Martin Scorsese não precisa falar, com “O Irlandês” ele mostra o que é cinema de verdade

É difícil imaginar que um dia a “Netflix” foi uma locadora de filmes, não é mesmo? Hoje, a pioneira do streaming no mundo pode até estar começando a perder espaço para os serviços das grandes companhias que a copiaram, mas as disputas neste novo mercado estão longe de acabar. E nessa “brincadeira”, a Netflix jogou alto ao trazer Martin Scorsese e Robert De Niro para produzirem um longa para a plataforma. “O Irlandês” é um filme baseado no livro de memórias do advogado Charles Brandt (“I Heard You Paint Houses”), que narra o caso real de Frank “The Irishman” Sheeran, sindicalista dos anos 70 que tinha fortes ligações com o crime organizado.

O roteiro é uma adaptação de Steven Zaillian, grande cineasta que foi responsável pelo roteiro de filmes como a “A Lista de Schindler” (1993) e “Missão: Impossível” (1996). Zaillian tinha um trabalho original pesado para adaptar, com muitos anos de uma história complexa, mas consegue fazer isso de forma brilhante trazendo o que muitos chamam de “vai e vem na história”, que em “O Irlandês” é fundamental para inserir o espectador no contexto da trama e propiciar que laços sejam criados entre os personagens e quem os assistem. É muito interessante a visão sobre o crime que o roteiro de Zaillian associado com a direção de Scorsese trazem para a tela. Coisas horríveis podem acontecer em tela, mas nada aproxima o público das calamidades, e em nenhum momento existe a incitação da violência (alô Todd Phillips, estou falando com você e seu filme irresponsável). Existe uma responsabilidade por parte dos cineastas em trabalhar com o tema, que inclusive está inserido em acontecimentos reais, e por mais delicadas que sejam as situações, não há intenção de polemizar ou esfregar na cara do público uma ideologia (Oi Todd Phillips, sou eu de novo).

Crime é um tema frequente na carreira de Scorsese, que já nos trouxe grandes filmes do gênero e não há dúvidas que o diretor sabe trabalhar isso como ninguém. As mortes em seus filmes são orquestradas como grandes sinfonias, e os enquadramentos que Scorsese escolhe para cada uma delas nos indica a importância delas para os personagens, criando uma obra verdadeiramente rica que sem dúvida pode se dar ao direito de ter três horas e meia de duração. Cada movimento da câmera tem sua razão e é muito bem pensado para que os atores tenham o maior destaque possível em cada cena.

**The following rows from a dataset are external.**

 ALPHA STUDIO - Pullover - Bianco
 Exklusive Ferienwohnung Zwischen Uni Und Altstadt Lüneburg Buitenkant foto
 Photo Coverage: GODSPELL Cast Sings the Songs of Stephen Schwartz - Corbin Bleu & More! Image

Confesso, caros leitores, sinto-me intimidado em comentar a atuação destes veteranos e não encontro palavras para enaltecer ainda mais o talento deles. Robert De Niro, Al Pacino e Joe Pesci nasceram para interpretar papéis do gênero e mesmo que tenham talento o suficiente para migrarem para outras categorias de filmes, é visível o prazer e a naturalidade que eles trazem para seus papéis. O longa traz em seu roteiro a passagem de um longo período de tempo, e assim De Niro e Pesci têm cenas na quais foram rejuvenescidos digitalmente, bem como cenas que foram envelhecidos. Esses recursos tornam a produção única, e quase como uma grande homenagem a carreira desses atores icônicos.

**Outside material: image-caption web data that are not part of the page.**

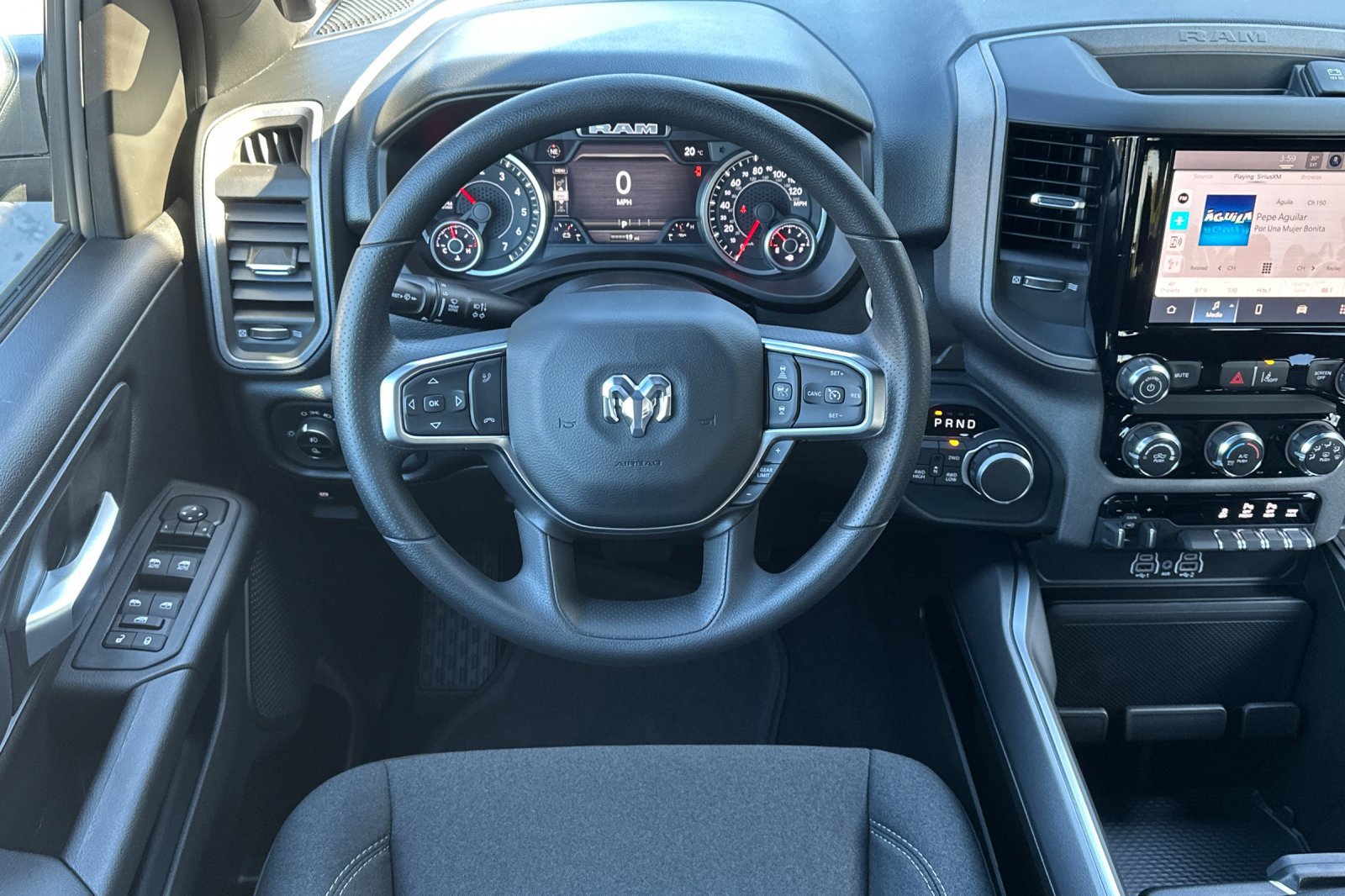 New 2027 RAM 1500 Tradesman AWD/4WD image 14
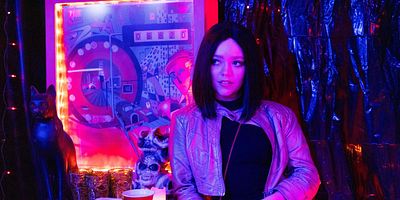 Cartel de The Spider Web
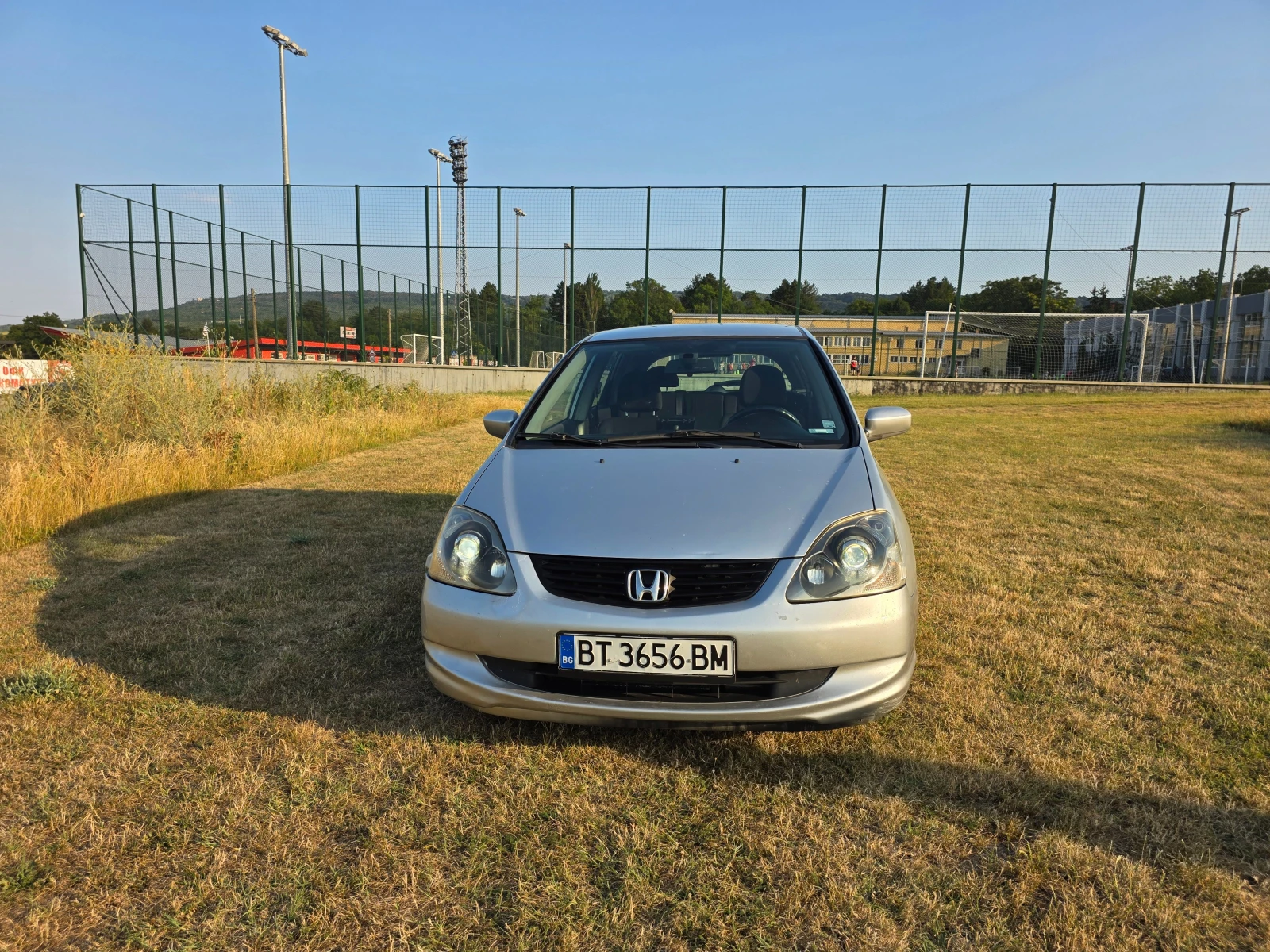 Honda Civic  - изображение 5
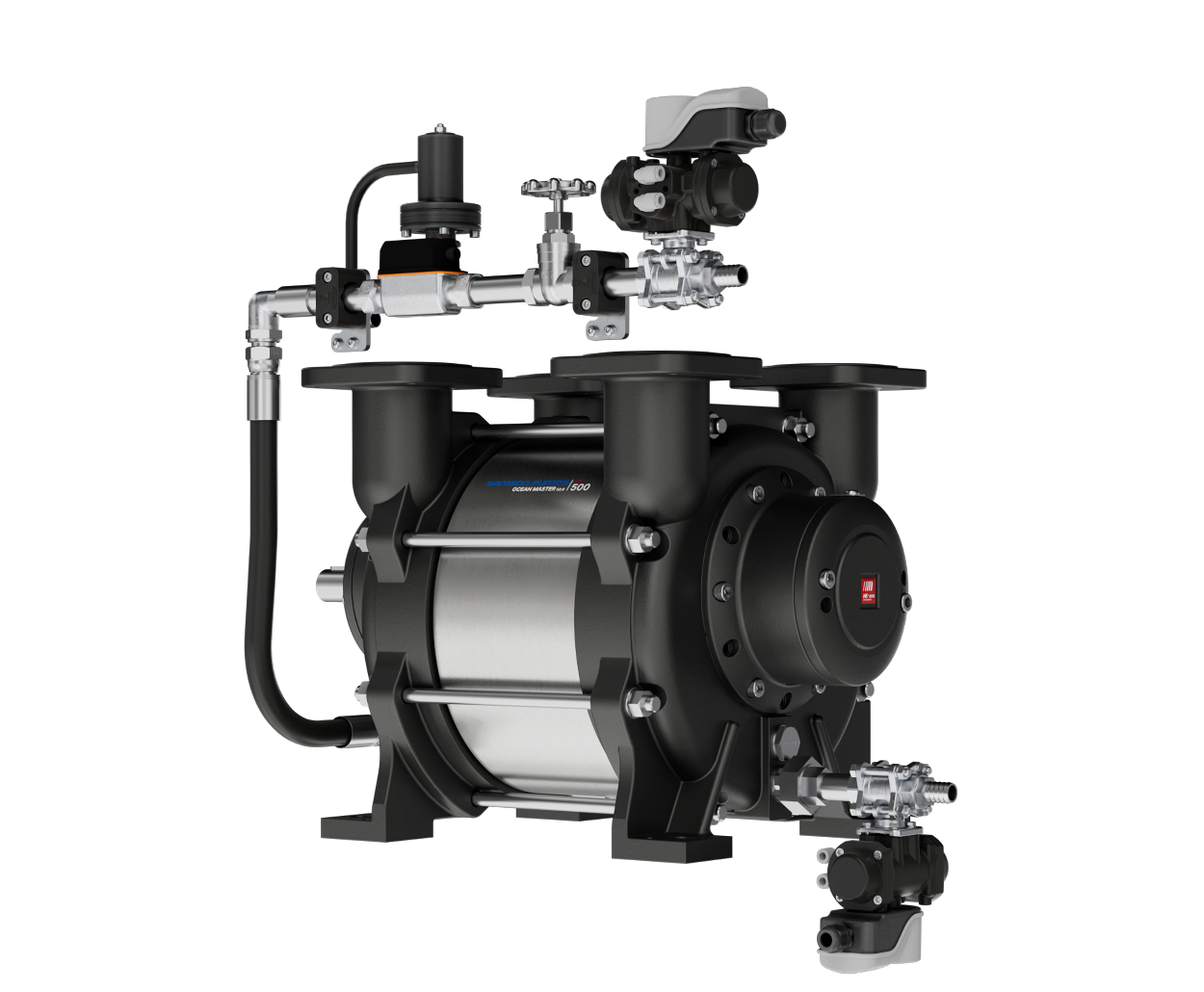 Ocean Master Solution 500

Outra homenagem que o filme traz está sutilmente presente na trilha sonora, que em alguns momentos traz algumas notas do tema de “O Poderoso Chefão”, envolvendo ainda mais o público com a história que está sendo contada.

Martin Scorsese recentemente deu algumas polêmicas declarações sobre o que considerava cinema, e talvez se mais pessoas pensassem como ele, nós não teríamos tantos filmes na nossa categoria “Houston We Have a Problem”. O cinema é uma arte, e como toda arte, também foi corrompido pelas massas. Os Vingadores podem até atrair mais público e serem mais rentáveis, mas jamais chegarão aos pés de uma boa história, tão bem escrita e dirigida como “O Irlandês”. Caso tenham a oportunidade, assistam ao filme no cinema que, antes de chegar a Netflix no dia 27, terá sessões em cinemas selecionados entre os dias 14 e 20 de novembro.